◆ EXERCISE REQUIREMENTS:
Reproduce every line of the material below exactly. No pictures belong in the copy.

◆ RECORDED INFORMATION:
══════════════════════════════
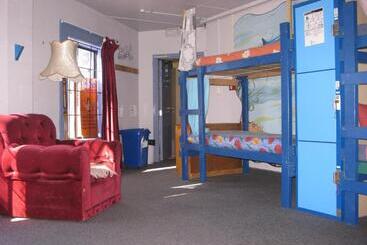 هاستل Atlantis Backpackers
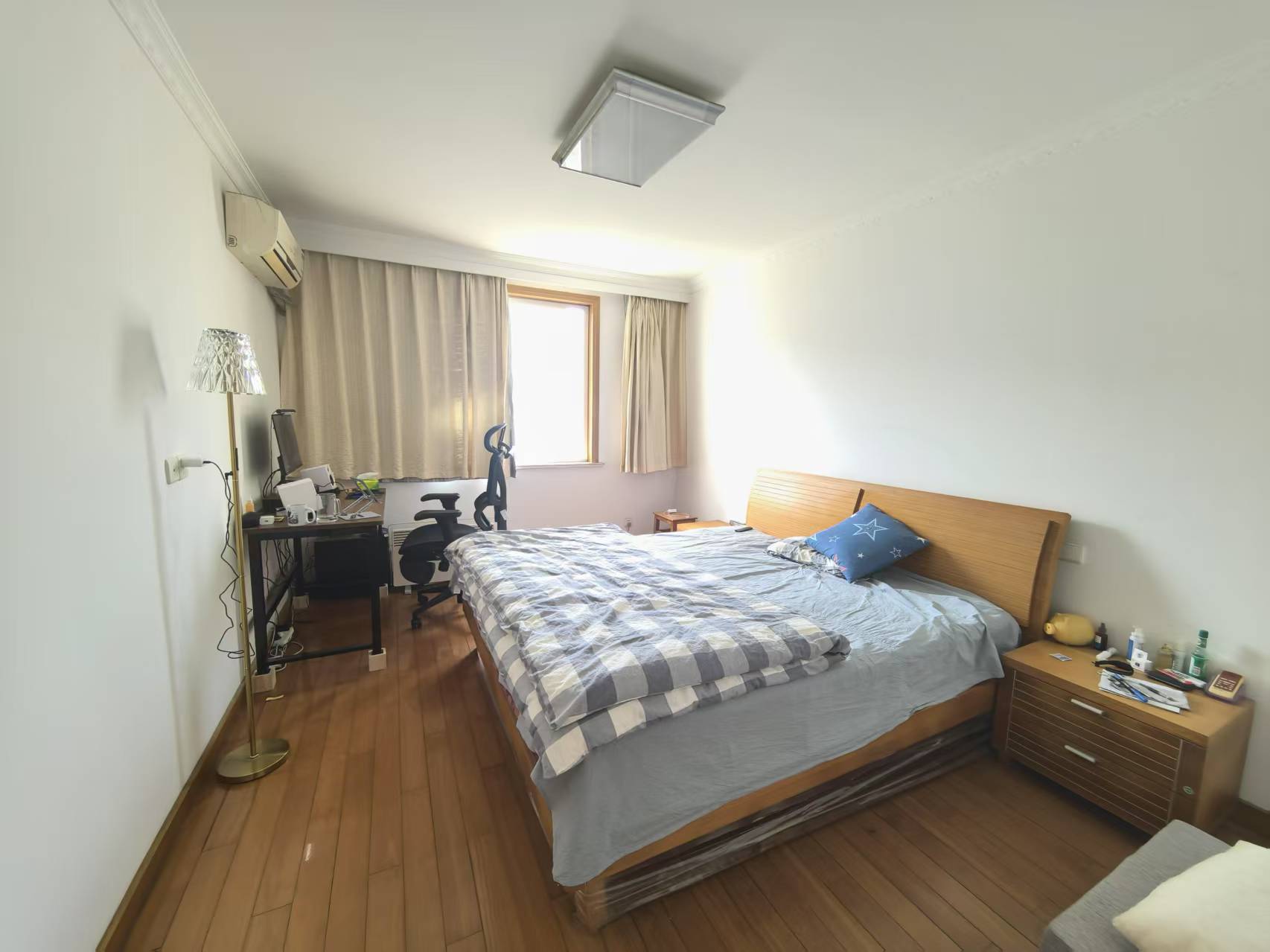 金辉花园 5室2厅2卫 121.94m&sup2;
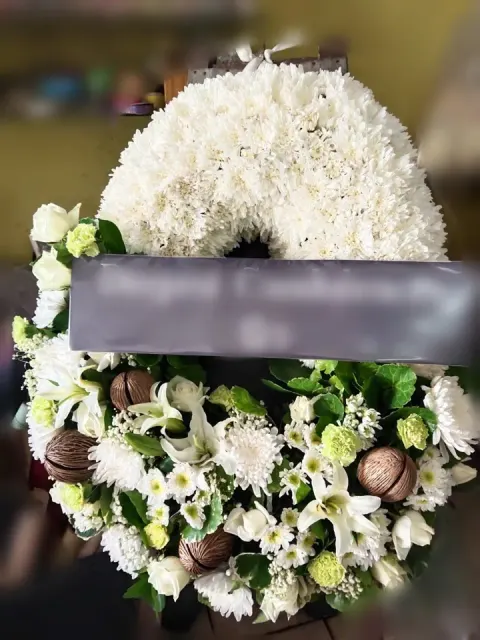 พวงหรีดลิลลี่ โทนขาวเขียว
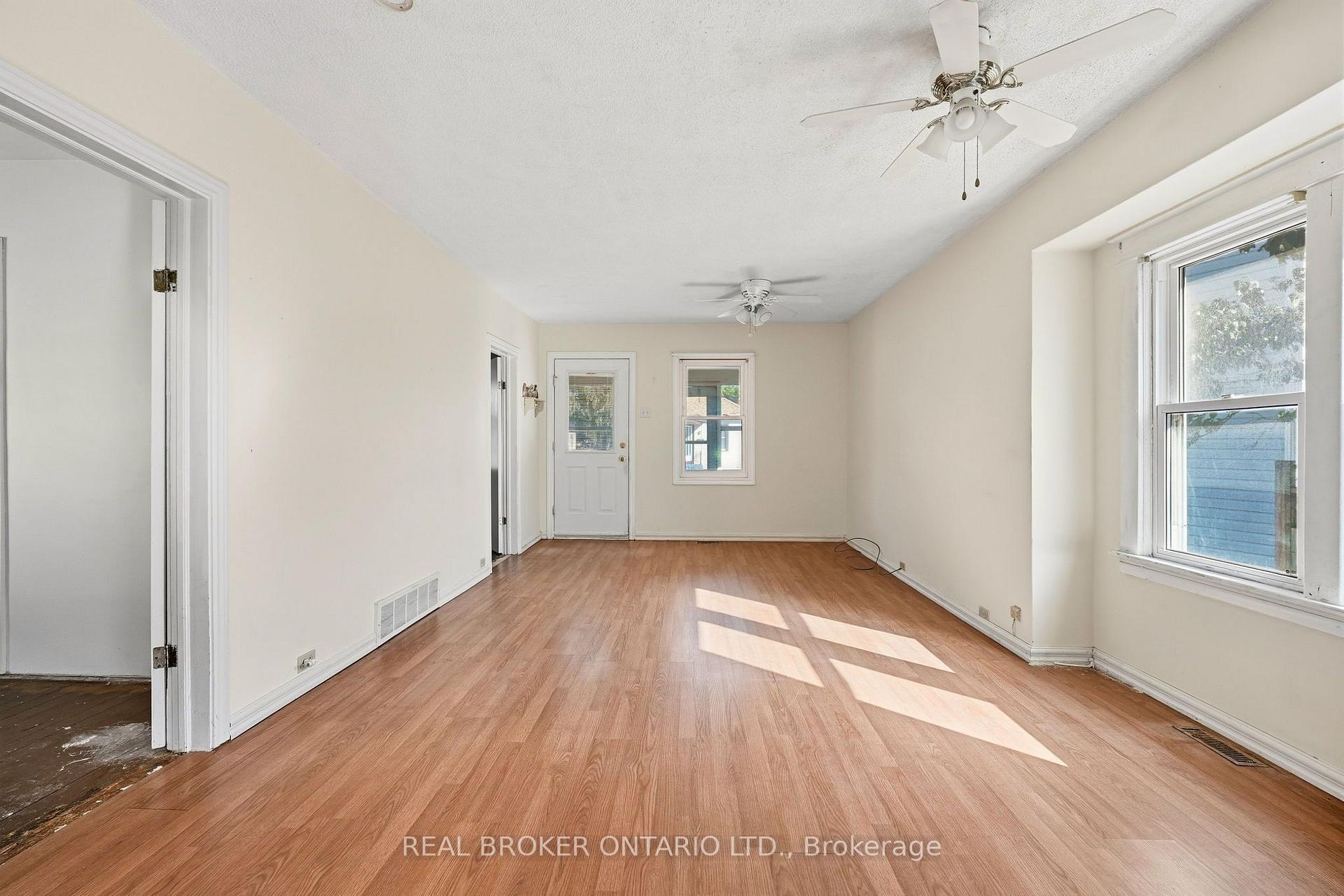 Photo 7 of 132 Grass Avenue, St. Catharines, Downtown — HOMEH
══════════════════════════════
◆ REPLY:
 هاستل Atlantis Backpackers
 金辉花园 5室2厅2卫 121.94m&sup2;
 พวงหรีดลิลลี่ โทนขาวเขียว
 Photo 7 of 132 Grass Avenue, St. Catharines, Downtown — HOMEH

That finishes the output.